Increasingly, people are finding search engines kinda suck now. This has been attributed, in part, to its sometimes inaccurate AI overlay and a glut of ads.
But here’s another fun thing for us to worry about: “malvertising,” or malicious advertising, which increased 42% month-over-month last fall, per CNBC.
Malvertising is when hackers use ads for phishing or to install malware; they look like any other, appearing when you search for something or read an article online, and often mimic familiar brands, like Amazon.
Jérôme Segura, senior director of research at Malwarebytes, told CNBC they not only target consumers, but corporate employees: In one incident, Lowe’s employees were tricked into clicking on a misspelled link to a phishing page.
Malvertising is not the same as adware, which is software that displays unwanted ads — including annoying pop-ups — on your device.
People trust and use search engines a lot, so it’s a great place for bad actors to mine for victims.
Plus, per Malwarebytes, hackers lost a preferred method when Microsoft began blocking embedded Office macros, which hackers could pre-program with malware that users would unknowingly download when downloading files.

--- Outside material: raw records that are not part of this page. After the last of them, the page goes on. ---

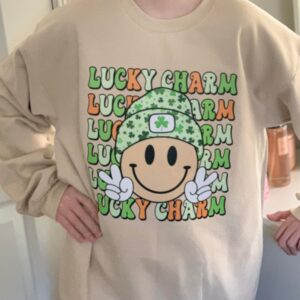 St.Patrick's Day Lucky Charm Sweatshirt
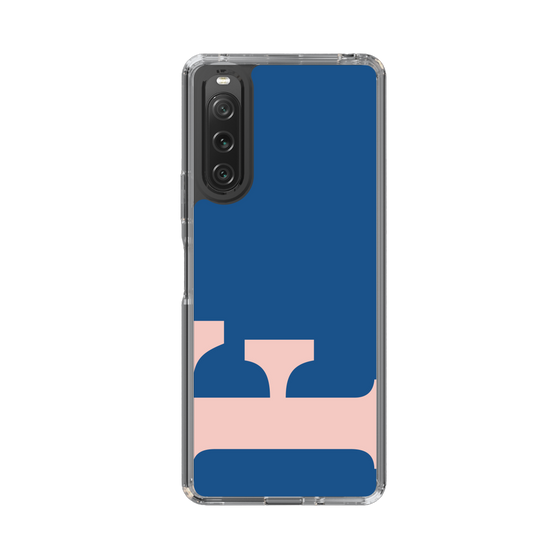 Slim Protection Case［ Original - initial color - F navy ］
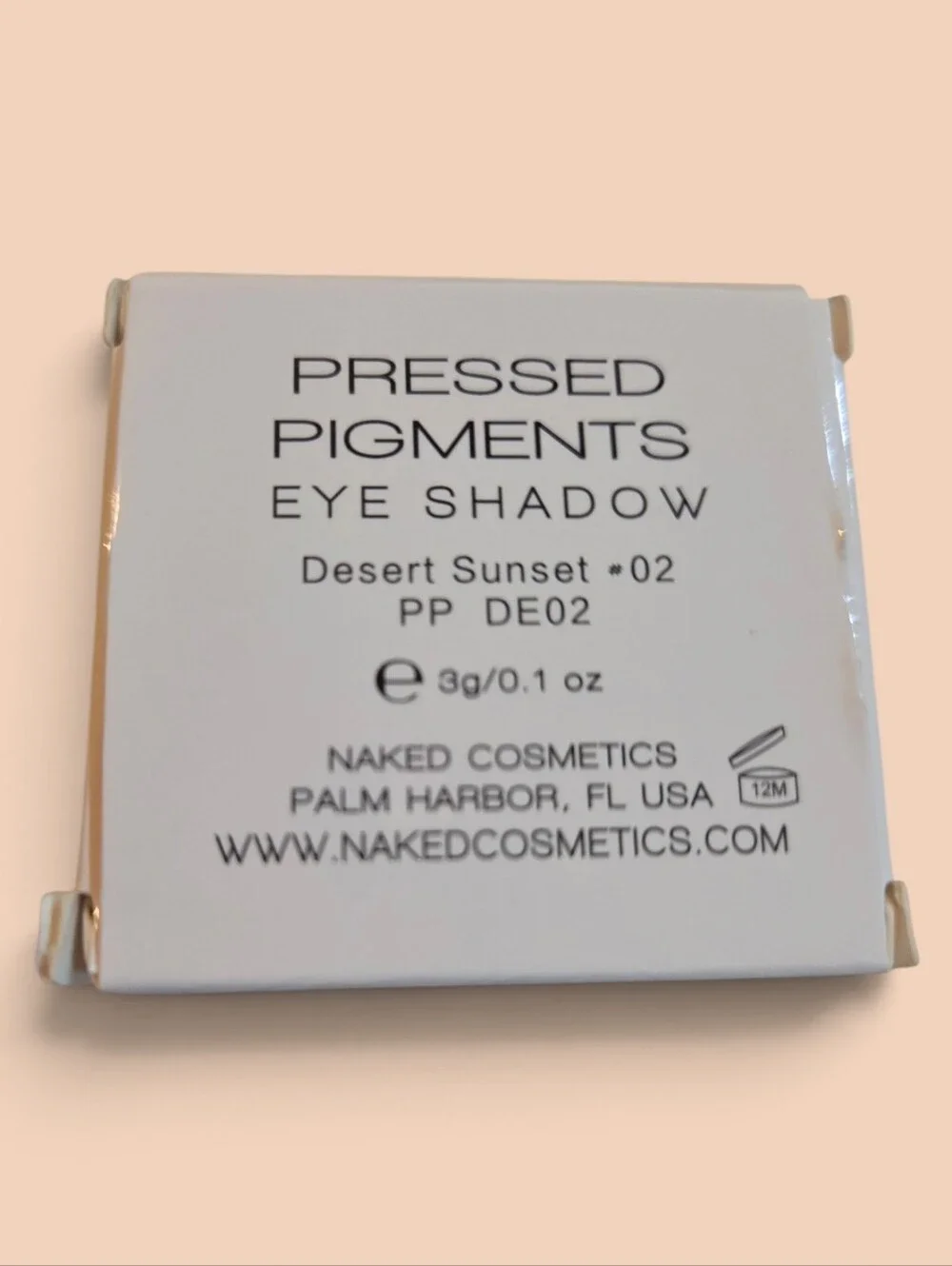 NIB NAKED Cosmetics Desert Sunset 02 Single   Color-Mica Pigment Eyeshadow
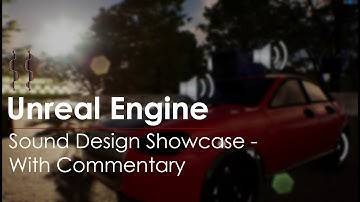 Sound Design Showcase - Unreal Engine - Racing Game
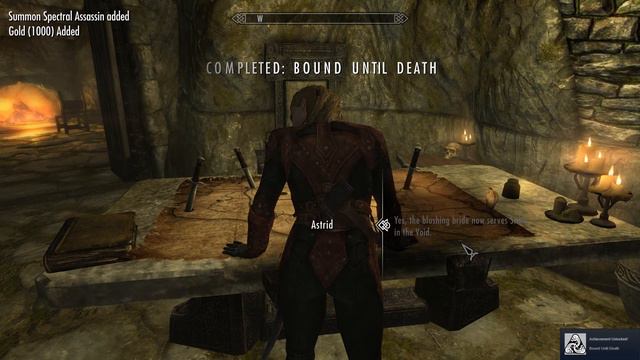 TES V: Skyrim Anniversary Edition - Part 35 - Bound Until Death смотреть онлайн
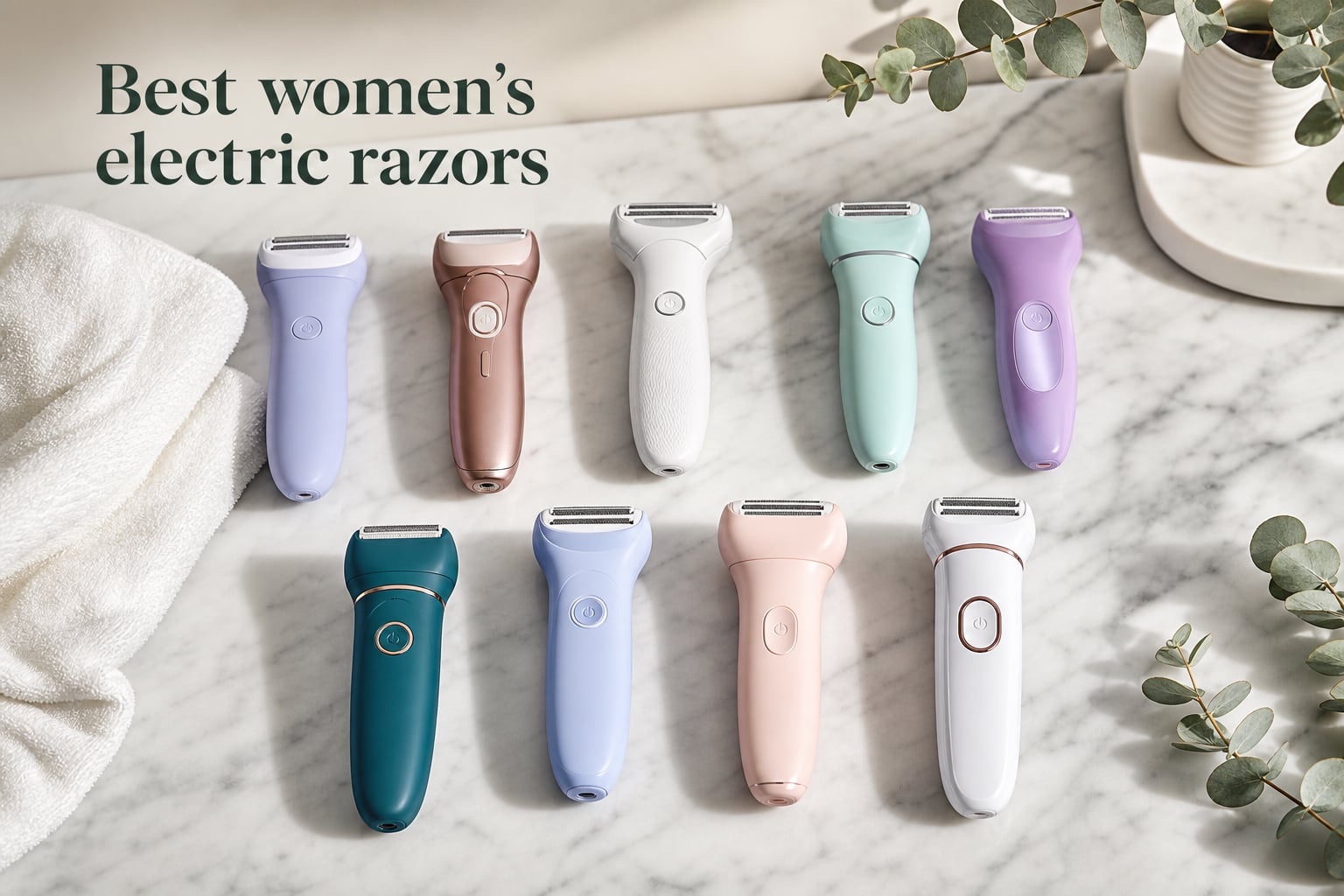 Best women's electric razors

That’s actually pretty tricky because, as aforementioned, there are just so many ads and they’re constantly changing across websites.
Security experts suggest maintaining updated software and browsers, and using antivirus software and ad blockers.
But one obvious way to protect yourself is to just not click on sponsored ads, which, let’s face it, are often pretty useless in search queries anyhow. If a company piques your interest, just look up their actual website.
If you do click, ensure the URL is where you meant to go, and not a misspelled fake.